▸ Data below

↓↓↓

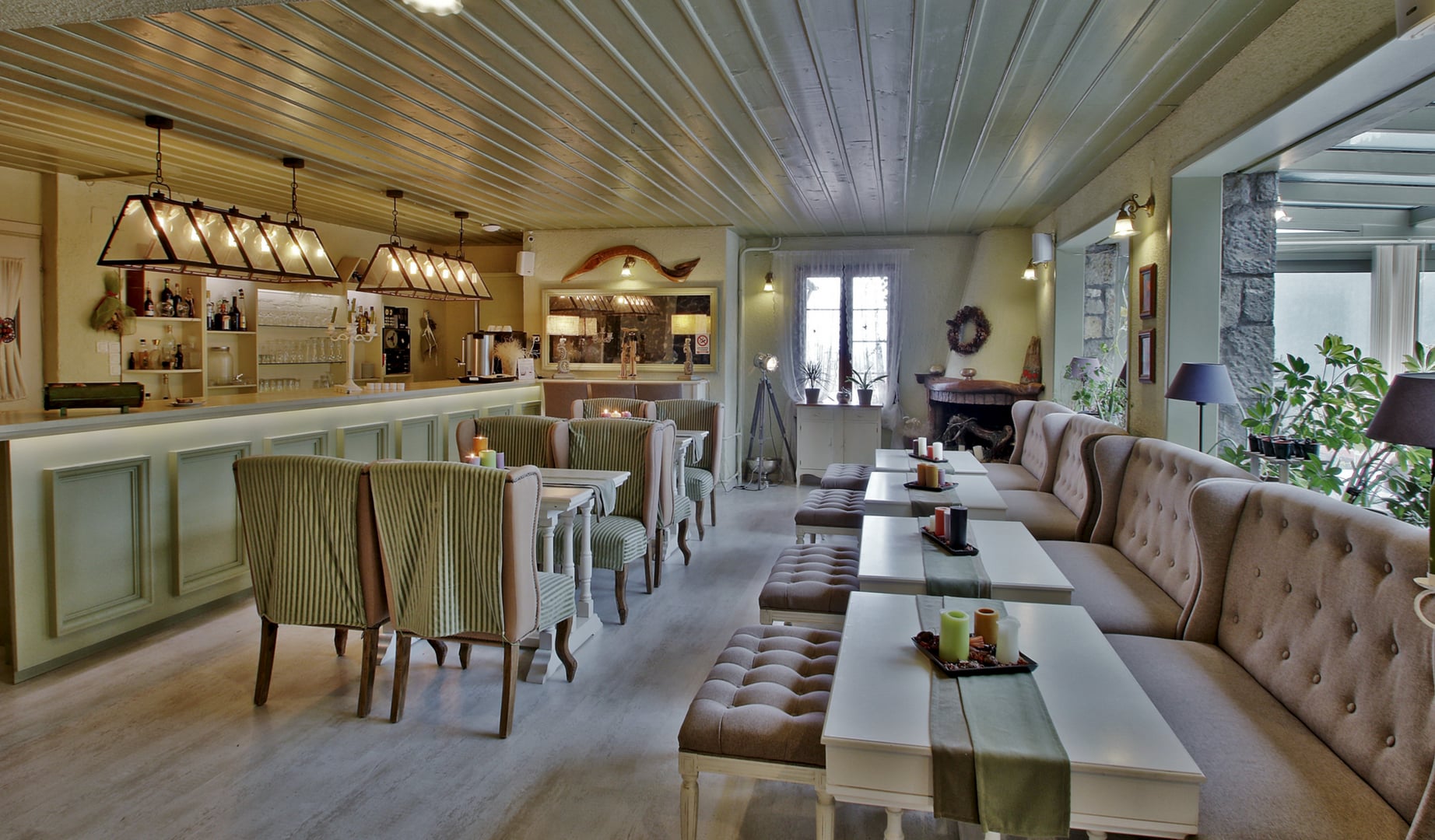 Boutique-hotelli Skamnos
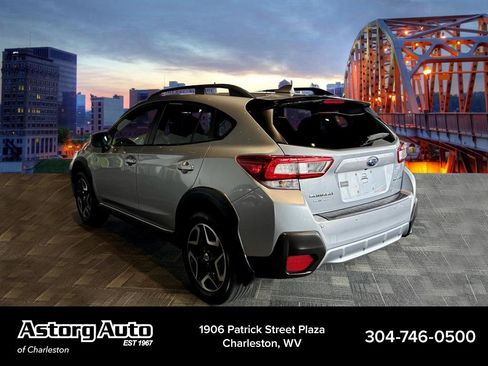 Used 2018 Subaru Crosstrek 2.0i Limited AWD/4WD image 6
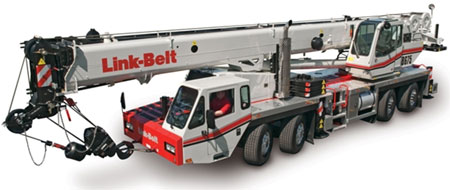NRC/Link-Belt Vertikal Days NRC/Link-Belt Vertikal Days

↑↑↑

▸ What needs to be done
The data above is to be printed exactly, all of it, except for the pictures.

▸ Task response
 Boutique-hotelli Skamnos
 Used 2018 Subaru Crosstrek 2.0i Limited AWD/4WD image 6
NRC/Link-Belt Vertikal Days NRC/Link-Belt Vertikal Days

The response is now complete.